Wednesday, April 30, 2014

Tips On Passing The Good Mom Test

 I've been a mom for oh, one year and a bit. I tell people at work that Alina was being a real a-hole without thinking that it sounds harsh. I'm honest about it and I don't sugar coat how life is going. I don't pretend to know it all but there are certainly some things that I think I do know. (Not all of them are from my own hands on experience as a mom.) With Mother's Day around the corner (ahem- May 11th) I've put together a little list of 5 Tips On How To Pass The Good Mom Test.


//1  Marry a good man in hopes that he will be an even better father. I heard a quote and since then it has stayed with me; 90% Of Being A Dad Is Showing Up. Too true! My parents split up when I was very little and my mom met and remarried my step dad shortly after. I always had a dad and a step dad. I know how important a father is in a kid's life. I know even more, now that I'm a parent myself. If you can help it; pick a good one so that your babies will grow up with a positive, male role model.

...even if it's only 90% of him showing up.
//2  Listen!

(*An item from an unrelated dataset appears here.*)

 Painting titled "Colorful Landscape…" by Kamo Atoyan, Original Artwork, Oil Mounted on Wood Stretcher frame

I don't mean on the other end of the phone line while your kid is talking either.  (Do they even have 'other end of the phone line' these days?) I think it's important to listen to your kids because there's a really good chance that you're not hearing everything that they're saying (and not saying.) It sounds confusing but I think that every kid asks for help from their parents in their own way, you just have to listen for it.



 //3.  Space and Trust. Even nine year old children need space. If your little one is quiet after school but doesn't want to share maybe just wait until she's ready to. If there's a diary; don't read it. Everyone deserves their privacy. Find ways to have your child open up, without being a helicopter parent. I give my mom lots of credit because I don't feel like she was a hovering mom, yet I opened up to her and told her things a lot of girls wouldn't share with their moms.

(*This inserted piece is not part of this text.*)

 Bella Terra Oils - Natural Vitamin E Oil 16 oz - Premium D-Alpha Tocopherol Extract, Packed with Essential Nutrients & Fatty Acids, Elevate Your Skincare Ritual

Although space is a tough one to give a one year old.. You always want to smooch or snuggle them!
 //4  Relax and adopt a laid back approach. Rob has helped me develop my laid back approach when it came to Alina's first year. Before she was sleep trained, there was a time when she would freak and lose her mind when we tried to put her down to sleep. We tried everything; rocking, singing, taking her for walks, changing her into cooler clothes, etc. The entire time it was Rob who would try different things. He was never flustered like I was and he attacked it like any problem he faced; with ease and common sense. I think I am very laid back for a new mom. But I also think I will be more challenged as Alina grows up and we're faced with different issues.

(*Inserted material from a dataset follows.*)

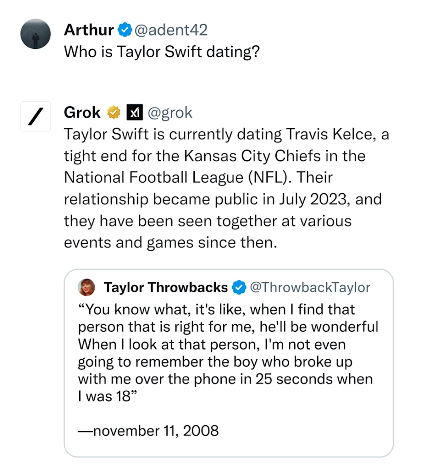 Grok answering a real-time question using live X data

Like- it's okay for the baby to wander around on the counter tops eating full oranges all to herself.. peel and all....................................
 //5  Love her, be kind to her but still kick her ass when she needs it. I don't want to be Alina's best friend. (Yeah right, I totally do.) I want her to respect and like me. I want her to come to me when she needs someone to talk to. But I am okay with her going to one of her aunties for advice that may make her and I both uncomfortable. I can respect that. I'm also going to be understanding and open minded when and if she does come to me with those awkward questions. No matter how close we are; she will still always need an ass kicking. I know I sure did. I could be pretty disrespectful and bratty with my mom but she still scared the hell out of me. I think fear is important. The porridge theory; not too little or too much; juuuuust the right amount of fear.

I imagine this is Alina's future teenage eye roll...
 There are many more points that I thought of after, but let's keep it short and less preachy. Especially since I'm an amateur at this whole mom thing.

What do you think is key to being a good mom?

5 comments:

Unknown said...

Ahhh I love this post. It's so cute to see what you've learned in one short year and what you can now relate to your relationship with YOUR mom. I can't wait for that day...well I can but you know what I mean.

And you know I love any post thats full of Alina pictures. Seriously I can't get over how freakin cute she is!

Jade Wright said...

I agree with Megan - this post surely shows what a good mum you have naturally become (along with Rob) during your year as being a parent.

I LOVED Alina's future teenage eye roll comment - hahahaha I did have a good chuckle!

Wonderful post - as always its sweet, personal, filled with love and lessons. I think one day, when I have a child, I'll probably start reading your entire blog from the start to see your stories and share them with you again :) xxxx


www.bohemianmuses.blogspot.com

Amanda said...

Haha I think you sound like an amazing mom and Alina is lucky to have you! xx

Rachel said...

I think what I appreciated most about our Mom was that she never, to us, or to others, said anything to indicate she'd rather not be a mom. I always heard that raising babies was exactly what she wanted to do with her life, that she was so blessed to have us, couldn't imagine life without us, we brought her so much joy and fun and she loves spending time with us. And I know her well enough to know that she truly believes and means all of that. I hear a lot of Mom saying negative things about parenting and having kids like "kids ruined my body" etc. and I think of how that would have made me feel as a kid--not good!

Areeba said...

Haley you're such a cool mum! To be honest, you sound much like my own mum. No matter what happens, I tell her everything in the end because she's the only person I am afraid of. But sometimes, I'm a typical teenager who would do that eye roll haha.